When I got home from my New York trip, I decided that the next thing I wanted to do was update the database in the Garmin 92.The last time I did that, you needed to send the unit back to the factory. Now it is all done on the internet. All you need is a serial cable to attach the GPS to your computer and access to the internet. $35 and 15 minutes later I had a current database installed in my GPS. Ya just gotta love the technology. So, back into the flight case, along with a 12 pack of fresh batteries for the GPS and the ICOM A-2 waiting for the next time, if there is a next time, that I have an in flight nav or comm. failure. No, I’m no boy scout, and yes, my flight bag is heavy enough, but the ability to communicate and navigate in the event of a total or partial failure mode lets me sleep at night. While I have heard the cell phone argument, and agree it might work, I‘ll ask if you have you ever tried to hear a cell phone in a running piston airplane, much less fly at the same time? If you look at the accident reports, there is no doubt that a handheld radio or GPS would have changed the outcome of more then a few instances. When I learned to fly, this type of portable technology just simply didn’t exist. In 1980, what passed for a handheld radio was made by Terra, and it was the size and weight of a one-quart milk carton.
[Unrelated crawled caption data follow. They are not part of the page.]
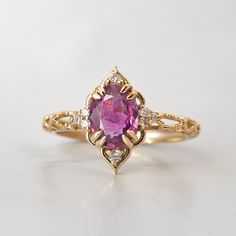 Cairo Starry Night Purple Sapphire Ring in 14K and 18K Gold Purple Sapphire Ring, Rose Diamond, Fall Rings, Spinel Ring, Pink Spinel, Claw Prong, Bridal Wedding Rings, Purple Sapphire, Pink Gemstones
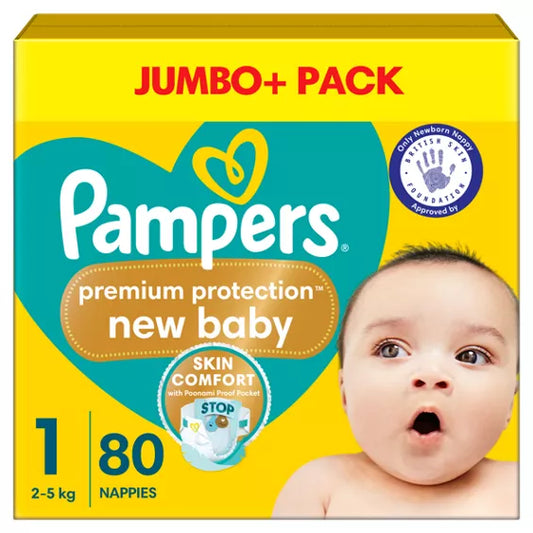 Pampers Premium Protect  1 (80pk) (4lbs-11lbs)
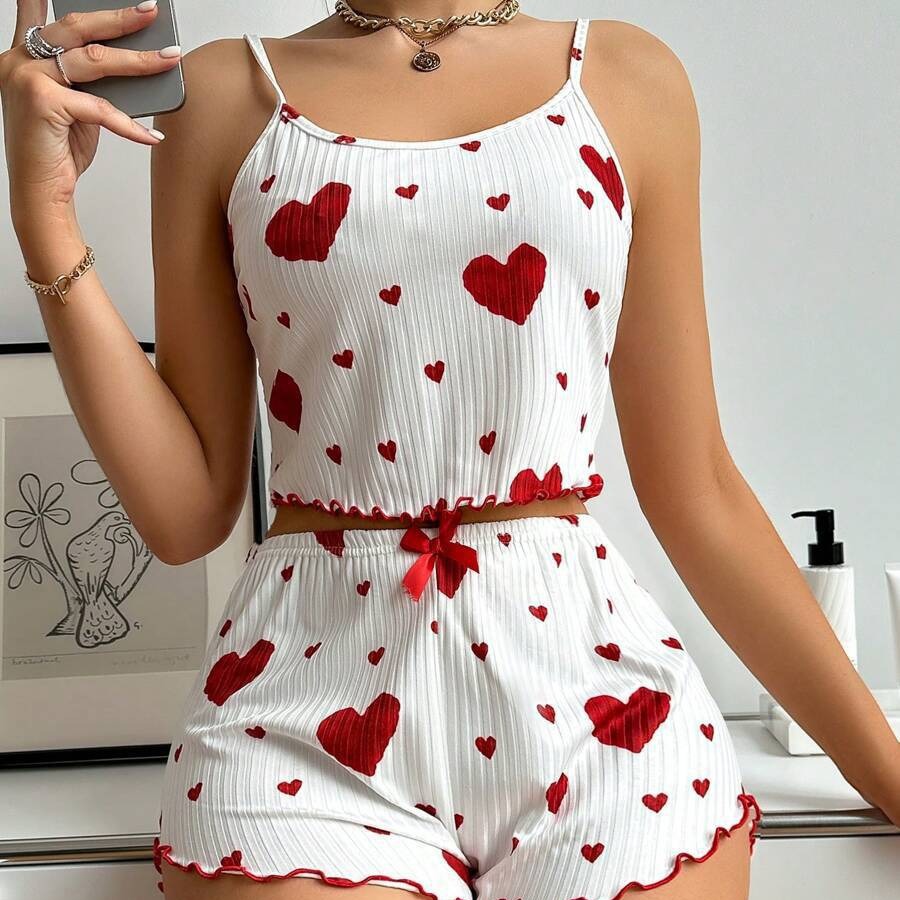 Amazon Aliexpress Cross-Border European and American New Love Print Women's Summer Home Wear Pajamas Sexy Set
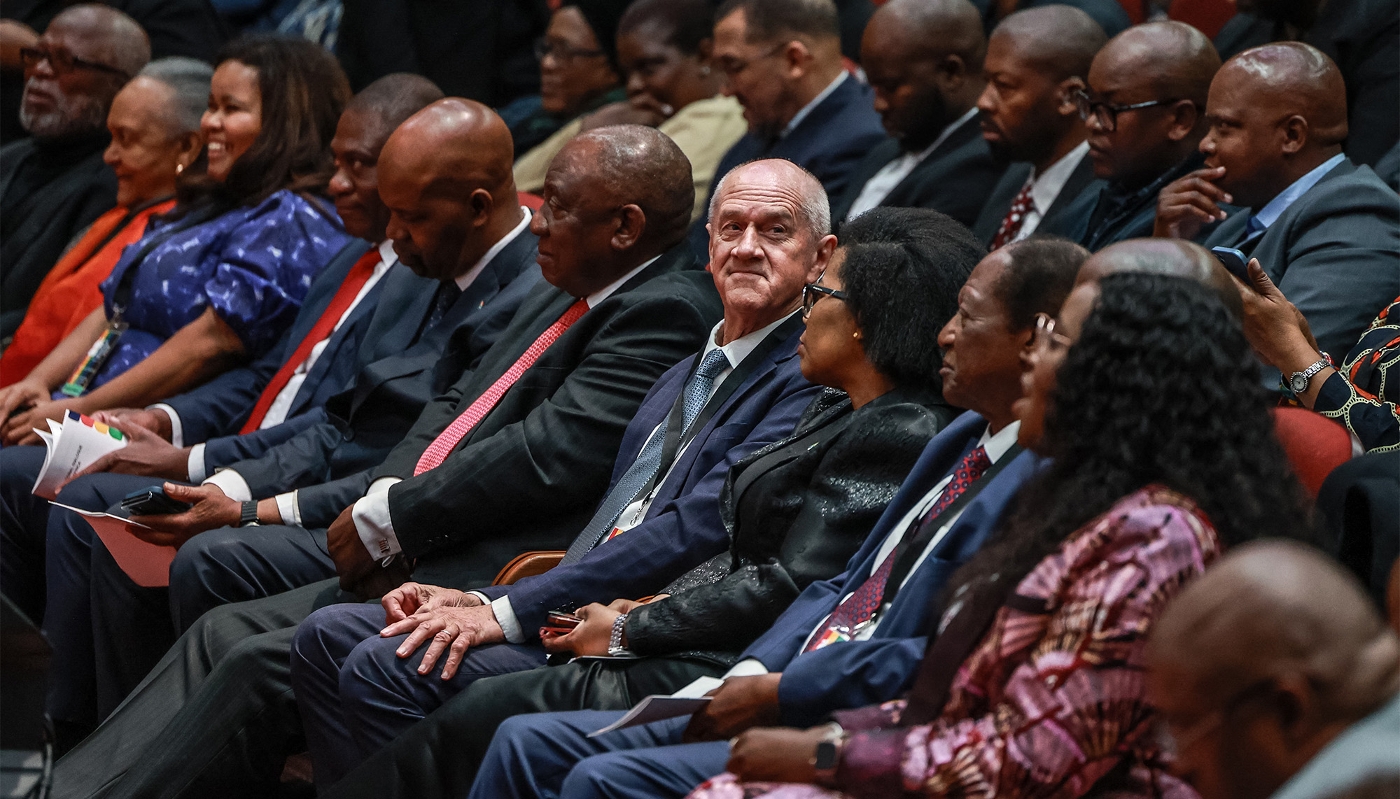 The Afrikaner Roelf Meyer, centre, in Pretoria, in August 2025.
But now, I make a point of showing my instrument students how a few hundred dollars worth of technology can take a potentially catastrophic situation and render it totally manageable. Maybe carrying all that equipment seems like overkill. Particularly, since it is almost never utilized. But that’s the point isn’t it? Like the guy who wears a belt and suspenders, (that would be me) I feel that the redundant capability, even if unused, reduces the chances of finding myself in a potentially fatal situation.